On the road. De nuevo. Pasamos por dos poblaciones de vascos. Bakerville y Wasco. Allí se concentraron los pastores de ganado, los más reputados del país, y creo que hasta celebran el Aberri Eguna como buenos euskaldunes y juegan a la pelota vasca en los frontones.
─Podríamos habernos quedado a comer en Bakerville─le digo a M.J. cuando dejamos el rótulo que indica la salida a la ciudad a nuestras espaldas─ Unas angulitas y una merluza a la koskera─sueño.
─¿Comen bien los vascos?
─Son los que mejor comen de España. Supongo que habrán mantenido la tradición en Estados Unidos.
Aquí hay rusos, daneses, noruegos, italianos, gallegos, vascos…Es Estados Unidos, un experimento de mezclar todas las razas y nacionalidades del mundo que ha salido bien dentro de lo que cabe.
Atravesamos una zona agrícola pasado Wasco. Hasta el horizonte se extienden cultivos de arroz, trigo, patatas, naranjos, viñedos…Aquí la agricultura es industrial, nada que ver con los latifundios o minifundios de España.

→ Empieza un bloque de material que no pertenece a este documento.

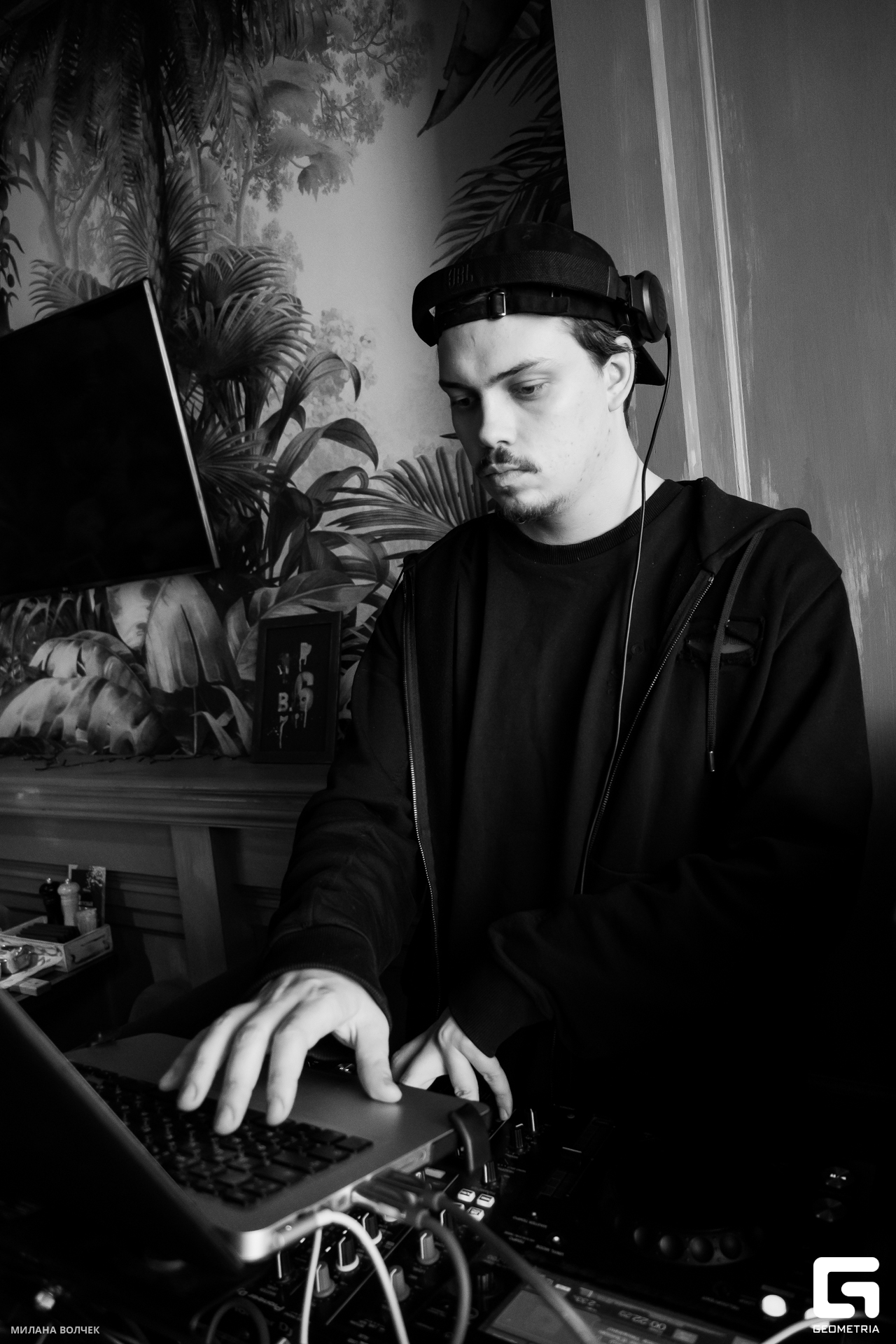 024_20231124 Волчек.jpg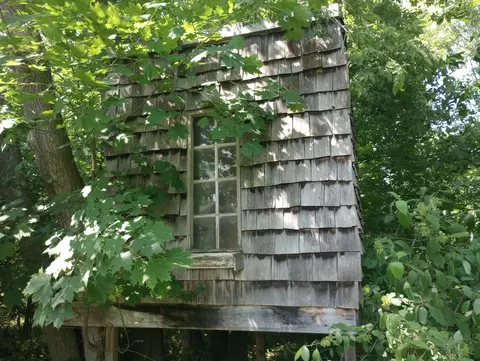 302 E Birch #092-067-000-032-00, Alpena, MI 49707 photo 1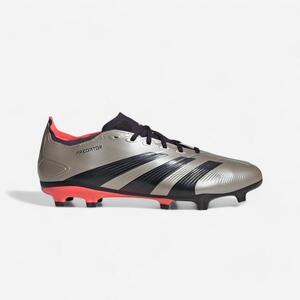 Adidas - Botas de fútbol Predator League FG Adulto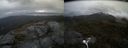 ./images/calvert/buxton2/20170608/buxton220170608_193321M.jpg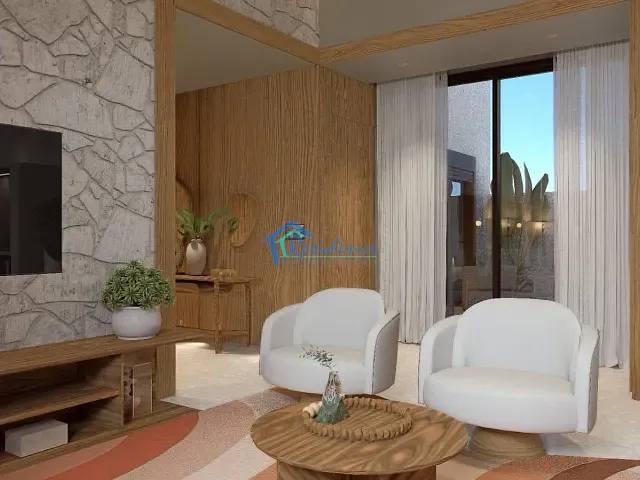 Casa com 360m² 3 quartos e 5 banheiros, à venda, no bairro Villa Sapezal em Indaiatuba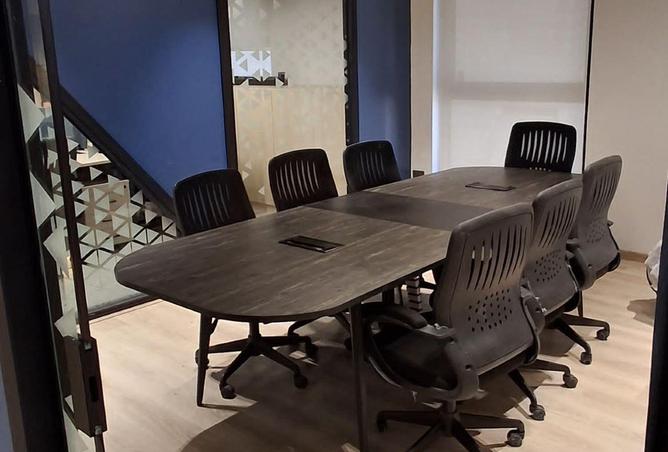 58007539 - صورة العقار 3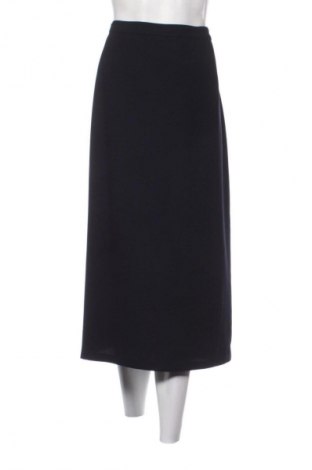 Fustă Unbranded, Mărime XL, Culoare Negru, Preț 32,99 Lei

El campo es una fábrica de hortalizas a destajo. Los agricultores son multimillonarios que tienen extensiones tan grandes como la ciudad de Barcelona con los más variados cultivos y usan cosechadoras de cíclope. California es la despensa de Estados Unidos. A los campos de cultivo siguen las vaquerías, recintos vallados en donde miles de vacas frisonas comen pienso en sus pesebres, apelotonándose. No son las vacas felices del Valle de Arán que andan sueltas por las montañas, integradas en su paisaje, y comen hierba fresca a golpe de badajo.
A las cuatro horas de haber iniciado el viaje abandonamos la autopista y tomamos una carretera. El soporífero y seco paisaje que nos ha acompañado durante doscientas millas empieza a cambiar. Aparecen montañas, cubiertas con hierba rala, amarilla, seca, punteadas por árboles, en donde pastan caballos y ganado vacuno. El paisaje, según subimos por una carretera que serpentea entre montes, vira del amarillo seco al verde fresco. Pasamos junto a un pantano alargado encajonado entre montes en donde navegan algunas barcas. Y seguimos subiendo, hasta los tres mil pies de altitud, hasta llegar a Three Rivers, aunque yo sólo vea uno, y una vez en ese pueblo disperso de 2.500 almas desperdigadas por los montes, buscamos el motel Sierra Lodge.  Nos meternos por una carretera privada, siguiendo las instrucciones equivocadas del GPS que nos lleva ante una casa perdida en la montaña en la que hay aparcadas varias pickup. No, eso no tiene pinta de motel, así que volvemos a la carretera antes de que nos reciban a tiros los moradores de esa casa solitaria.
El motel Sierra Lodge es como los que frecuenta Mike Demon. Hay en la recepción una señora oronda y simpática que nos acompaña hasta la habitación, y en su centro, entre los dos bloques de habitaciones, una piscina descubierta, de cinco metros de largo, a cuya orilla toman el sol en traje de baño dos parejas maduras sacadas de una pintura de Hopper. Hace calor. Pero luce un sol sucio, el mismo que nos ha acompañado durante todo el camino desde Escondido a Three Rivers.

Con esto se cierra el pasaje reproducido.